* _The data_:
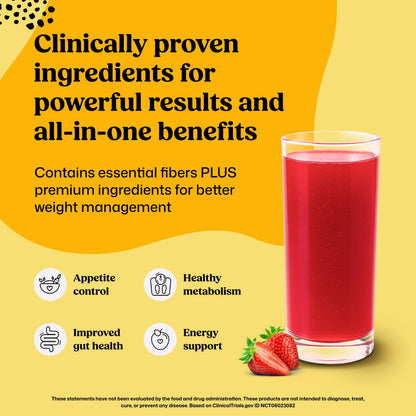 ColonBroom Premium Weight Management Supplement (Strawberry, 30 Servings) - Colon Broom Psyllium Husk Fiber Powder Drink - Gluten Free, Non-GMO Colon Cleanse for Bloating Relief & Gut Health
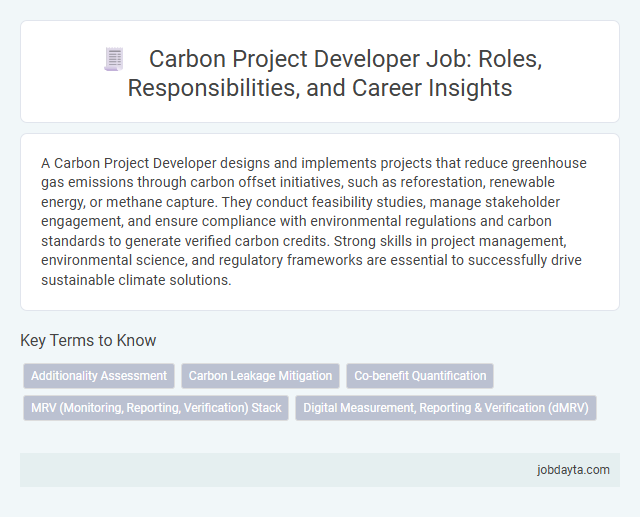 Carbon Project Developer Job: Roles, Responsibilities, and Career Insights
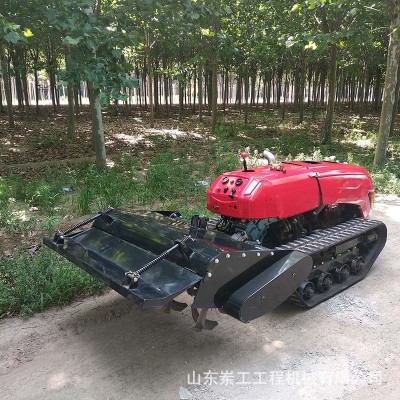 農(nóng)用遙控自走式微耕機果園小型松土機32馬力柴油履帶式微耕機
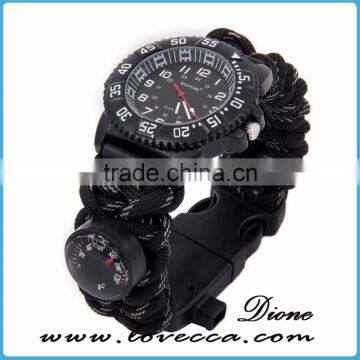 Hiking&camping 480 Paracord Survival Waterproof Quartz Watch Bracelet With Compass Thermometer Firestarter Whistle photo-3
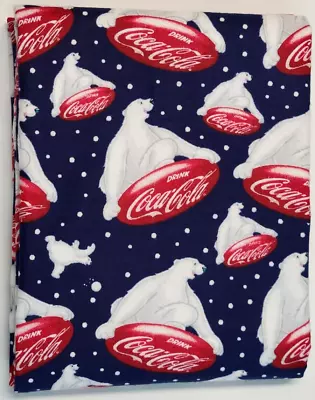 Coca Cola Polar Bear 1.58 Yds Coke Fabric Fleece Blend Retro Logo Ad Snow Winter • $15.95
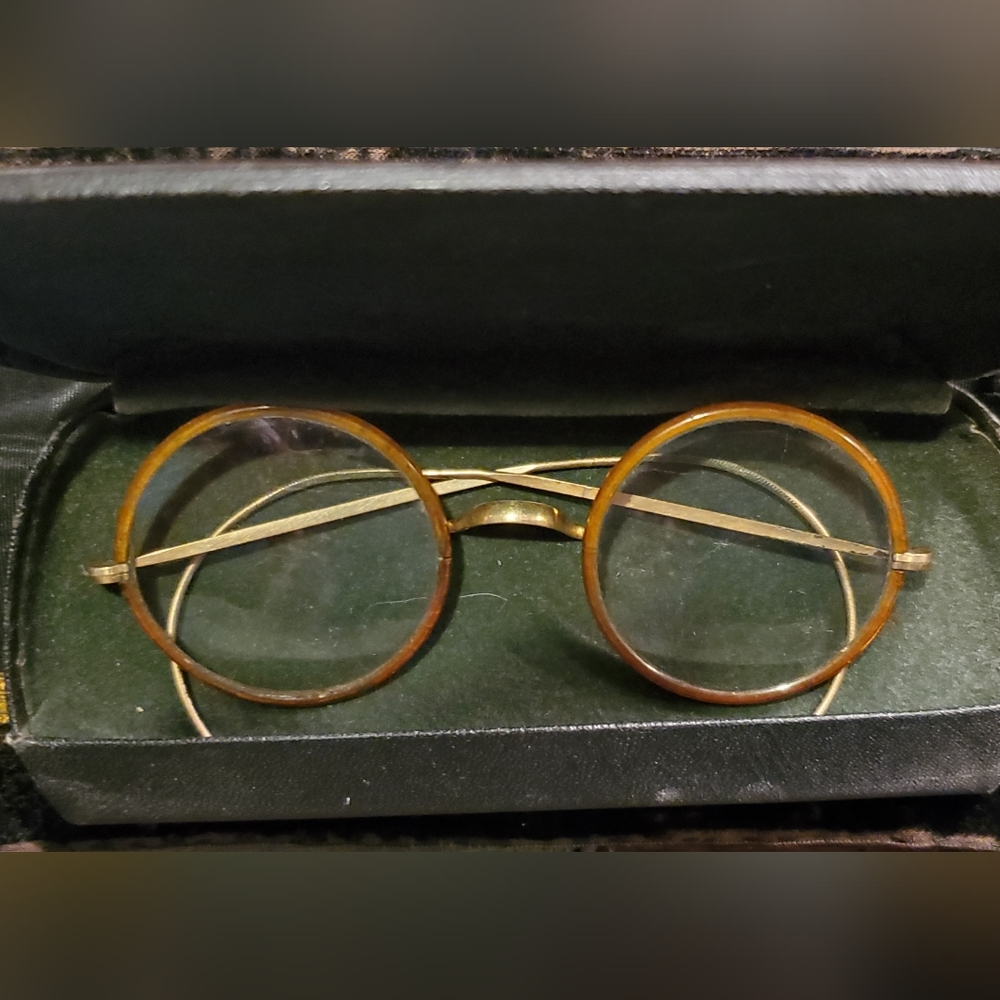 Antique Gold Filled Windsor Tortoise shell Spectacles Glasses Steampunk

* _Your assignment_: Set the lines above down again, word for word, from the first through the one containing "Coca Cola Polar"; pictures excluded.

* _Solution for this task_:
 ColonBroom Premium Weight Management Supplement (Strawberry, 30 Servings) - Colon Broom Psyllium Husk Fiber Powder Drink - Gluten Free, Non-GMO Colon Cleanse for Bloating Relief & Gut Health
 Carbon Project Developer Job: Roles, Responsibilities, and Career Insights
 農(nóng)用遙控自走式微耕機果園小型松土機32馬力柴油履帶式微耕機
 Hiking&camping 480 Paracord Survival Waterproof Quartz Watch Bracelet With Compass Thermometer Firestarter Whistle photo-3
 Coca Cola Polar Bear 1.58 Yds Coke Fabric Fleece Blend Retro Logo Ad Snow Winter • $15.95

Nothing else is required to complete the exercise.